1.2. L' Orientation Professionnelle pendant les "30 Glorieuses" : Affectation et sélection (1945 - 1975)

Si, entre les deux guerres, le dispositif d'orientation a pour but d'aménager la transition entre l'école primaire et le monde du travail et ne se préoccupe du public adulte que de façon conjoncturelle, après la seconde guerre mondiale s'organisent et se renforcent deux dispositifs parallèles : un service à l'intérieur de l'École, appelé orientation scolaire, et un dispositif contrôlé par le ministère du Travail, qui va élargir ses pratiques limitées de sélection à celles de l'orientation professionnelle des adultes. Les deux ministères semblent vouloir ainsi se partager le public de l'orientation, les jeunes à l'Éducation, les adultes au Travail. Déjà, en 1949, la première recommandation internationale du travail sur l'orientation professionnelle conseillait aux États membres de l'Organisation internationale du travail (OIT) d'organiser l'orientation professionnelle non seulement pour les adolescents mais encore pour "toutes les autres personnes qui ont besoin de conseils relatifs à l'emploi et aux problèmes professionnels connexes" 60 .

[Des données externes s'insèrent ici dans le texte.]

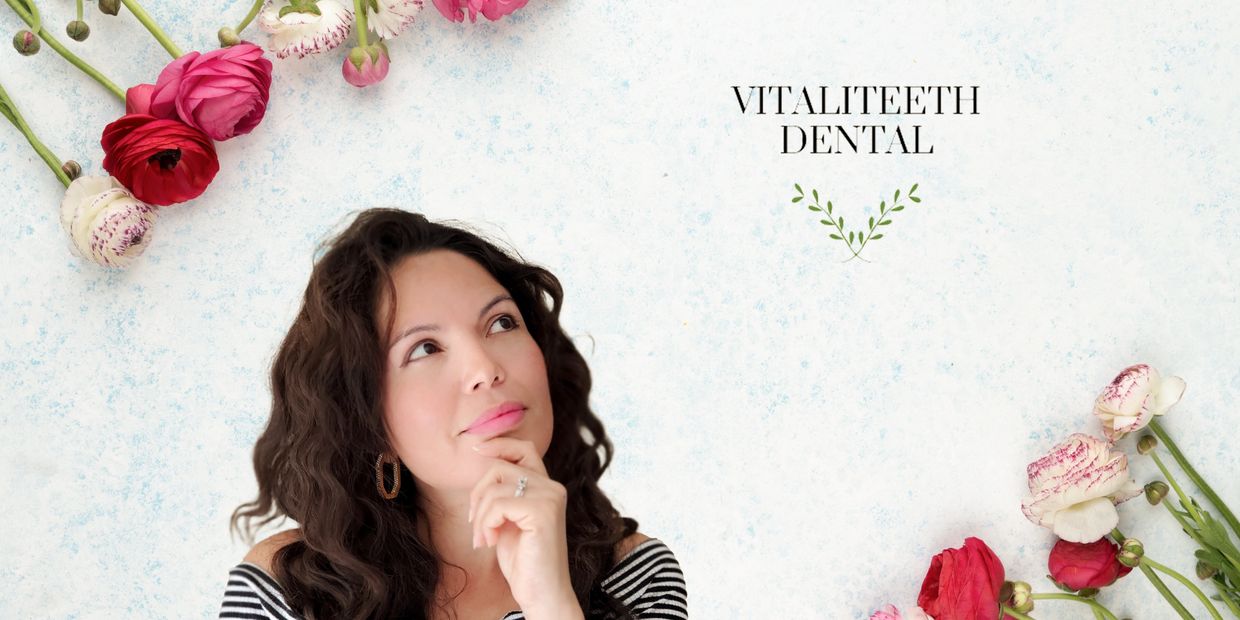 Woman holding chin looking up at logo surrounded by roses Monica Cordova VitaliTeeth Dental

Dans un rapport du Bureau international du travail sur l'Orientation professionnelle en France, le système est ainsi décrit :"Comme en matière de formation professionnelle à laquelle l'orientation est étroitement liée, la séparation des responsabilités respectives des deux ministères se fonde sur des considérations tenant à la fois à l'âge des sujets et à leur statut scolaire. En principe, les services d'orientation qui dépendent de l'Enseignement technique ou qui sont subventionnés et contrôlés par cette administration, s'occupent des adolescents de moins de dix-huit ans qui sont en cours d'études, ou viennent d'achever leurs études et qui n'ont pas encore entrepris un travail pratique. Le ministère du Travail est responsable, directement ou par ses mandataires, de l'orientation ou de la réorientation des adultes qui, en raison de circonstances diverses - manque de formation technique préalable, chômage, invalidité, etc - se trouvent dans la nécessité ou ont le désir de s'acheminer vers une nouvelle voie professionnelle" 61 . L'orientation professionnelle des adultes, appelée également "réorientation", prenant ainsi en compte leur expérience antérieure, doit répondre à la nécessité mais aussi au désir de trouver une nouvelle voie professionnelle.

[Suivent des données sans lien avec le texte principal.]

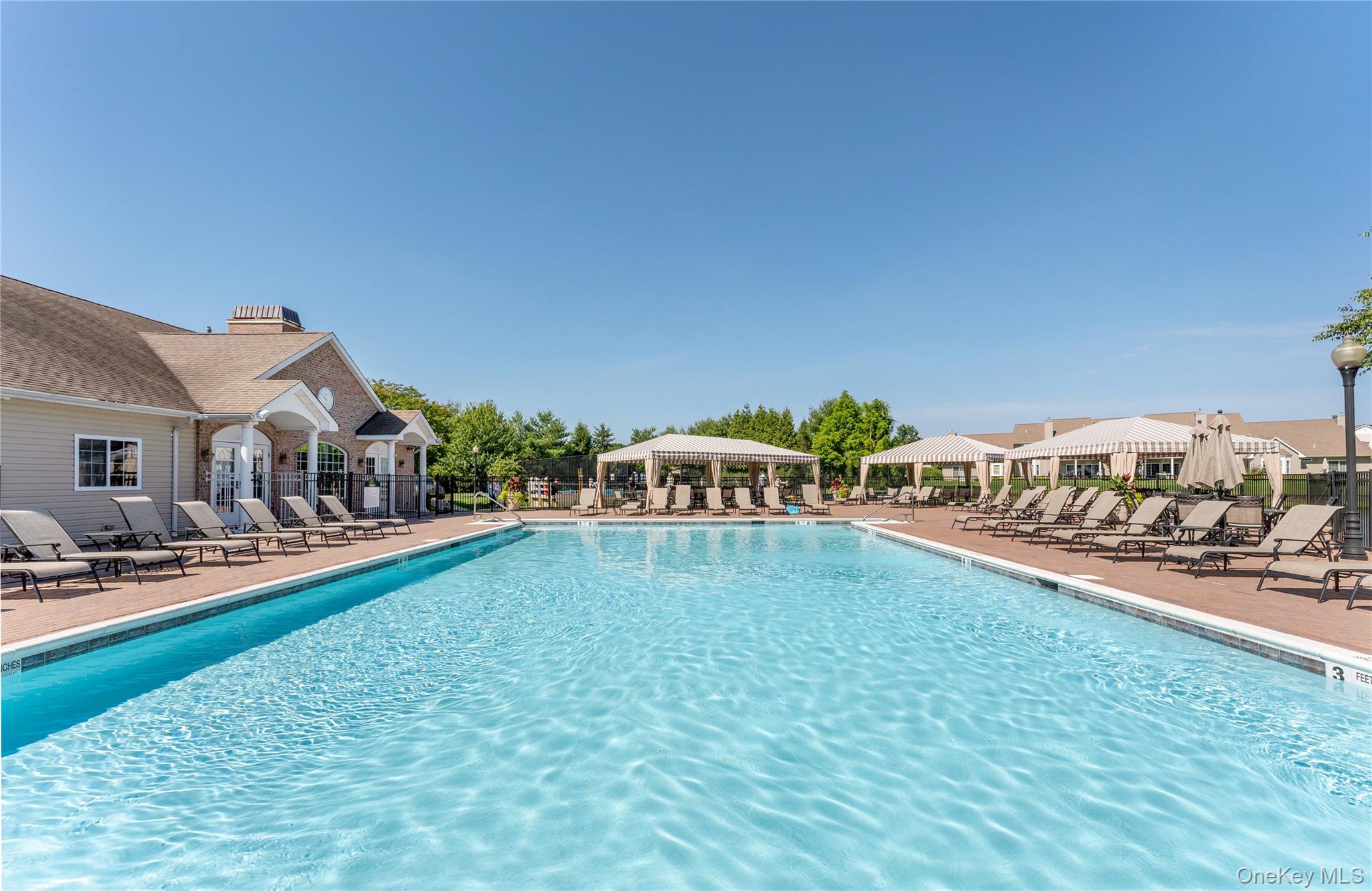 230 Ira Road, Unit 230 Mount Sinai, NY 11766 - Photo 28 of 38 a terrace with outdoor seating and city view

Dans les faits, les années « glorieuses » qui ont suivi la deuxième guerre mondiale, sont caractérisées par un développement économique sans précédent, lié à des évolutions technologiques de plus en plus rapides et, de plus, marquées par une très forte explosion démographique, appelée le "baby-boom". La reconstruction est à l'œuvre et le taylorisme bat son plein. Il n'est plus question de crise économique ni de chômage mais, avec l'expansion, le manque de main d'œuvre qualifiée se fait cruellement sentir. Les entreprises, toutes occupées de production et de nouveaux marchés, abandonnent aux enseignants la formation professionnelle qui, de ce fait, se "scolarise" progressivement. Dans le même mouvement, le dispositif d'orientation professionnelle des jeunes est intégré totalement à l'institution scolaire. Quant au traitement des adultes, les nécessités économiques l'emporteront, une fois de plus, sur les finalités éducatives.

Notes
60.

Bureau International du Travail, L'Orientation Professionnelle en France, Etudes et documents, n°39, Genève, 1954, p.3.

61.

Bureau International du Travail, op. cit., p.5.